WHAT TO PRODUCE: Where in the data does the word "Plug" appear? Find those lines and copy them.

PROVIDED RECORDS:
---*---
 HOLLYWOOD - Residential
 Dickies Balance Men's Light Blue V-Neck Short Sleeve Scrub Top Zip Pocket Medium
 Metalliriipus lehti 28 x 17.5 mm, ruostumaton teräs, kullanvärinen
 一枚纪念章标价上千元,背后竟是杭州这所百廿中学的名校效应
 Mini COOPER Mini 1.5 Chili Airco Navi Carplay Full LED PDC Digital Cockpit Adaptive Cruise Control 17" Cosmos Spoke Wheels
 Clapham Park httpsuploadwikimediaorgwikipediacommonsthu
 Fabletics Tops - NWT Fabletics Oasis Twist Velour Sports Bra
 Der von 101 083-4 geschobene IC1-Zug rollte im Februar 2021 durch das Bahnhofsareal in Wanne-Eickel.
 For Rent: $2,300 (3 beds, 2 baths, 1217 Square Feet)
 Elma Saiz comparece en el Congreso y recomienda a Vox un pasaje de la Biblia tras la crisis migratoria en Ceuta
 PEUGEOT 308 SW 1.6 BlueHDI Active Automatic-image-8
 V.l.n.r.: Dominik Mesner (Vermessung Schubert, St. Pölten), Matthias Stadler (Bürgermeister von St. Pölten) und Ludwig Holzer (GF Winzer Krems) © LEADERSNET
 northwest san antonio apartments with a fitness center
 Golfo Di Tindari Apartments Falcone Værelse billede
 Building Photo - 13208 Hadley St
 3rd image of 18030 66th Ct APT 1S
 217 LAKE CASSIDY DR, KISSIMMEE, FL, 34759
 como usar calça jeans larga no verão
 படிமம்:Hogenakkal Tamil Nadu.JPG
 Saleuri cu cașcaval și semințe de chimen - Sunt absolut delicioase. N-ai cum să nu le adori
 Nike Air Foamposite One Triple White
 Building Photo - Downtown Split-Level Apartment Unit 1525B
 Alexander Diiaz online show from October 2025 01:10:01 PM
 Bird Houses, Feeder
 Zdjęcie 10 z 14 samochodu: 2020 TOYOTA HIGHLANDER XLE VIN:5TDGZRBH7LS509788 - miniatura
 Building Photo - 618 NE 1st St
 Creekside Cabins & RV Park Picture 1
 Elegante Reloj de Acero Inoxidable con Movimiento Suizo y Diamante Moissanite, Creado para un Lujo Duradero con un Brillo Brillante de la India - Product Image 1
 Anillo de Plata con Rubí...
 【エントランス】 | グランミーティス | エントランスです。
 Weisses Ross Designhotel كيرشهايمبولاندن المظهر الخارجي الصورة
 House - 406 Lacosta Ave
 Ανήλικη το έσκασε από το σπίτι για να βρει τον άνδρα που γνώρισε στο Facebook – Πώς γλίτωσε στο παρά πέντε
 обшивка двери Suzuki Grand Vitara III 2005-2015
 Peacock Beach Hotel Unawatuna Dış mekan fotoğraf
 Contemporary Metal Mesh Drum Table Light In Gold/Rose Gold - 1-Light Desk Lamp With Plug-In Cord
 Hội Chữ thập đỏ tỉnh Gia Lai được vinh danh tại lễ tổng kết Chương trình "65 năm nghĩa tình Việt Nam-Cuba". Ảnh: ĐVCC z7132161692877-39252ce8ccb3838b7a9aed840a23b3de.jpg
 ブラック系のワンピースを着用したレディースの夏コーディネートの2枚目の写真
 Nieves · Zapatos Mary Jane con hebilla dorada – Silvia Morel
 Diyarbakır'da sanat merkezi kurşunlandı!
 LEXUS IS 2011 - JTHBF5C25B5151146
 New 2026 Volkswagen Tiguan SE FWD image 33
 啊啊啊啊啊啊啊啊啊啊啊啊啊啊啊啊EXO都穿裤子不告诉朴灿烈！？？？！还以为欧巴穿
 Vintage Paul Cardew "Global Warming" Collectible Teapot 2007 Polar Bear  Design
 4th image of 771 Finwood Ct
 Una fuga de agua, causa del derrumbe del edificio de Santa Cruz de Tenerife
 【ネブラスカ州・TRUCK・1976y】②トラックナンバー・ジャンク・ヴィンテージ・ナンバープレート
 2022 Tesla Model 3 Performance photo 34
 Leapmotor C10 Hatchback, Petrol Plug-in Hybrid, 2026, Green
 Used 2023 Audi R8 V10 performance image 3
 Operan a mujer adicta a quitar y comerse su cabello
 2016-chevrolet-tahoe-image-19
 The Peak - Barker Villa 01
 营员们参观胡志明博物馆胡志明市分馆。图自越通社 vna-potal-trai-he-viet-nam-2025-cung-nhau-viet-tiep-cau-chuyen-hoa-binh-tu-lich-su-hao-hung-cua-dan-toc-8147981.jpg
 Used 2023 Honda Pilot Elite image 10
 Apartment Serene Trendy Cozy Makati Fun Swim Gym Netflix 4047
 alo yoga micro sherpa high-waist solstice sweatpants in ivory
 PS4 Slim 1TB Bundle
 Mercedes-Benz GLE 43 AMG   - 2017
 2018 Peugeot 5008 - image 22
---*---
RESULT OF THIS TASK:
 Contemporary Metal Mesh Drum Table Light In Gold/Rose Gold - 1-Light Desk Lamp With Plug-In Cord
 Leapmotor C10 Hatchback, Petrol Plug-in Hybrid, 2026, Green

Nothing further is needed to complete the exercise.